My first months in cyberspace

October 23, 2025

Thick paperback book titled "Internet Starter Kit for Macintosh Second Edition" by Adam C. Engst, featuring a bold yellow cover with red, green, and blue sections, placed on a carpeted floor.

In early 1995 I was 23 and living in a terraced house in Bristol with four friends, about 18 months after leaving university. I’d given up on trying to be an illustrator, had a bit of freelance work making models for Aardman Animations, and would soon be the only one of my friends not to have permanent work. I was increasingly interested in technology and this brand new thing: Internet.

Source: My first months in cyberspace (Phil Gyford’s website)

It was about a year or 18 months before this, set in 1995, that I first got online in any modern sense.

At university back in the 1980s, we’d had access to email and bulletin boards, but it was in the early 1990s that, like the writer, I first connected to the web.

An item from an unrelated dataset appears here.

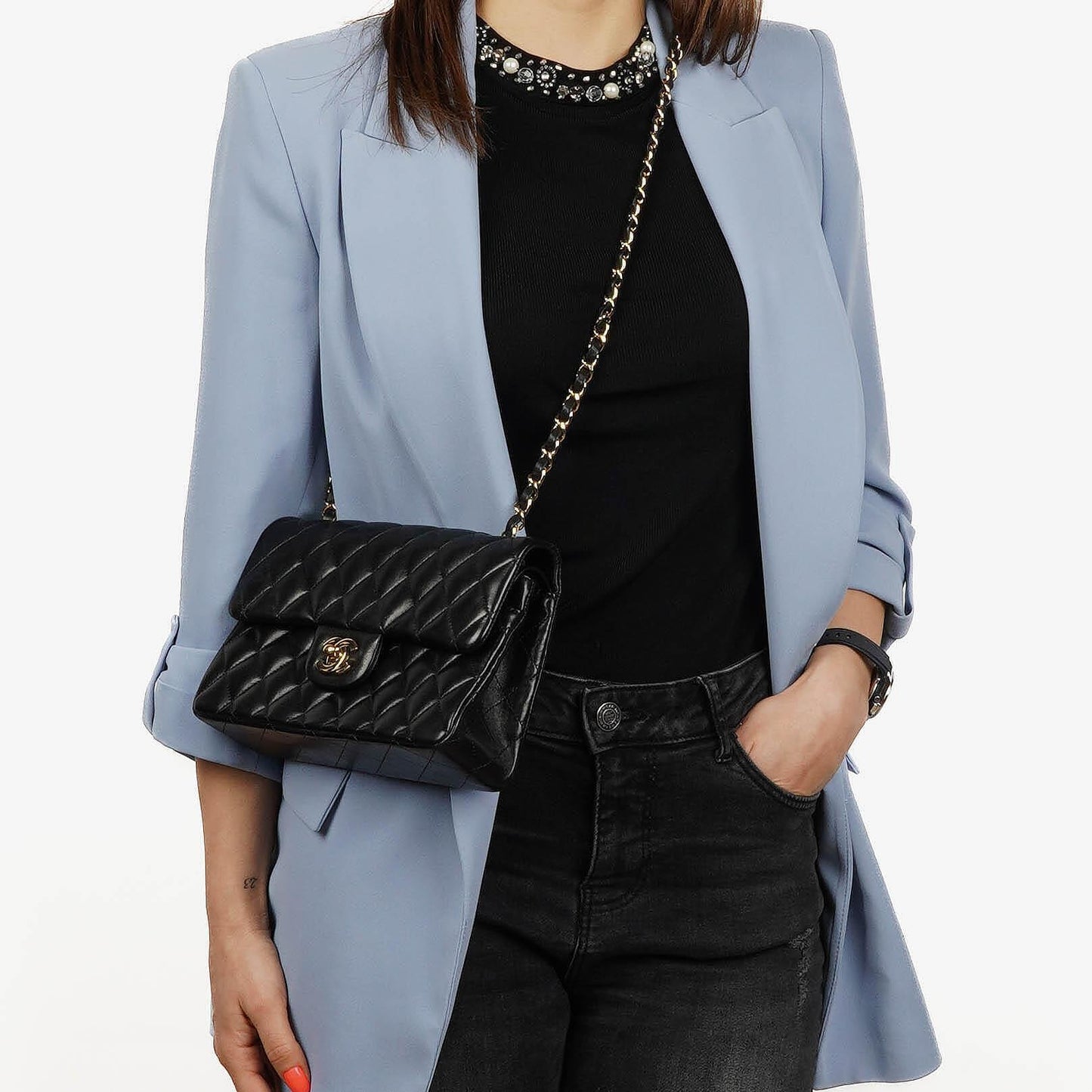 Chanel Small Classic Double Flap Tasche aus schwarzem gestepptem Lammleder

We had remarkably similar computers and probably very similar experiences as well. I recall Adam Engst’s book and how you bought it as much because you could get access to Mac TCP rather than having to pay for it.

The observation.

Since getting a modem at the start of the month, and hooking up to the Internet, I’ve spent about an hour every evening actually online (which I guess is costing me about £1 a night), and much of the days and early evenings fiddling about with things. It’s so complicated. All the hype never mentioned that

Definitely rings true over three decades later. It was expensive and it was complicated, but relative to anything else related to computing, it probably wasn’t any more complicated or any more expensive. Things were just like that back then.

Whether for a bit of reminiscence of the early days of the web, or to get a sense of what the web was like before you used it and perhaps before you were even born, I highly recommend this lovely reflexion.